Exercise instructions » Do not copy the pictures. Write out the lines from the start of the entries through the line containing "If you need".
*** Material provided ***
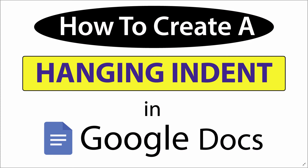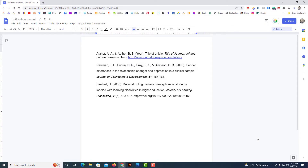This is going to be a video tutorial on how to create hanging indents in Google Docs. I'll be using a desktop PC for this. Let me jump over to my browser — I've got Google Docs opened, and I have a few citations that I want to create hanging indents for.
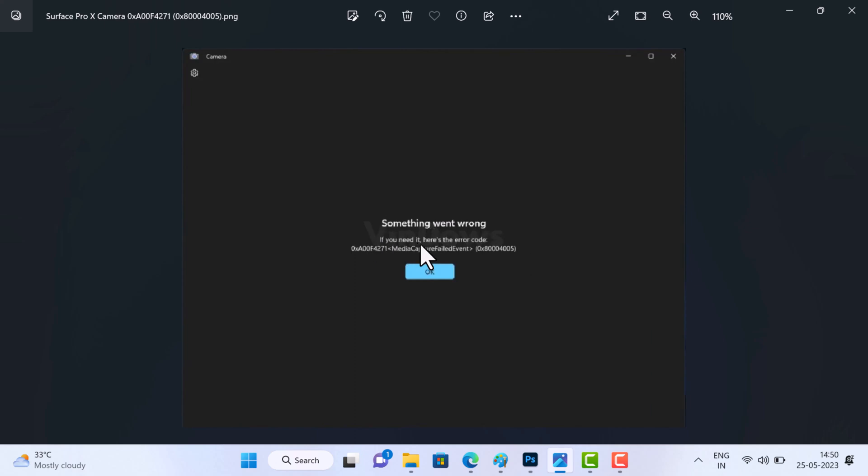If you need it, here is the error code: 0xA00F4271, followed by message 'media capture fail event', followed by error code 0x80004005. This error indicates a failure in capturing media which prevents the camera app from functioning correctly.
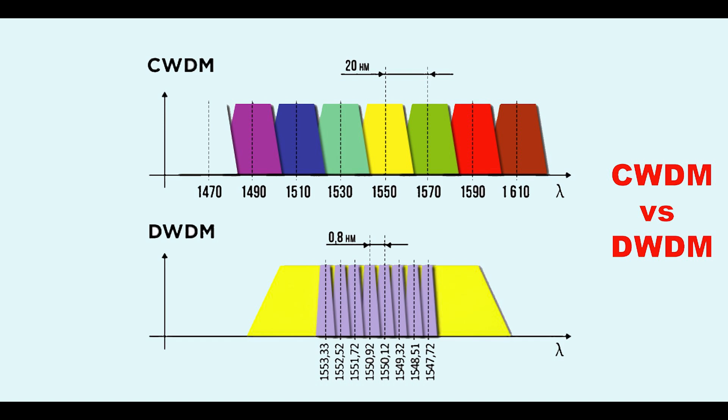Then we have the coarse wavelength division multiplexing. This is a method of multiplexing in which different signals operate at different speeds. The best example of this is cable modems allowing for different speeds of uploading and downloading.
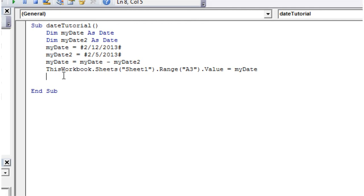Hello everybody and welcome to my 11th Excel 2010 VBA tutorial. This tutorial is going to go further into using date and time in your macros, and I'm going to show you a few different methods you can use.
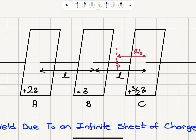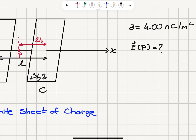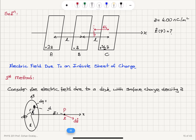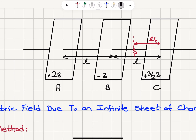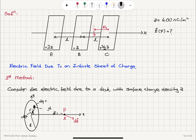Sheet A has plus 2 sigma, sheet B has minus sigma, and sheet C has plus 3 over 2 sigma, where sigma is 4 nanocoulombs per meter squared. The distances are labeled such that it's 8 centimeters from sheet A, 4 centimeters from sheet B, and the midpoint between sheets B and C is D from each. We want to find the electric field at point P, where the distance L equals 2D, with equal spacing of 2D between each sheet and D from sheet B or C to point P.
***
Finished task »
This is going to be a video tutorial on how to create hanging indents in Google Docs. I'll be using a desktop PC for this. Let me jump over to my browser — I've got Google Docs opened, and I have a few citations that I want to create hanging indents for.
If you need it, here is the error code: 0xA00F4271, followed by message 'media capture fail event', followed by error code 0x80004005. This error indicates a failure in capturing media which prevents the camera app from functioning correctly.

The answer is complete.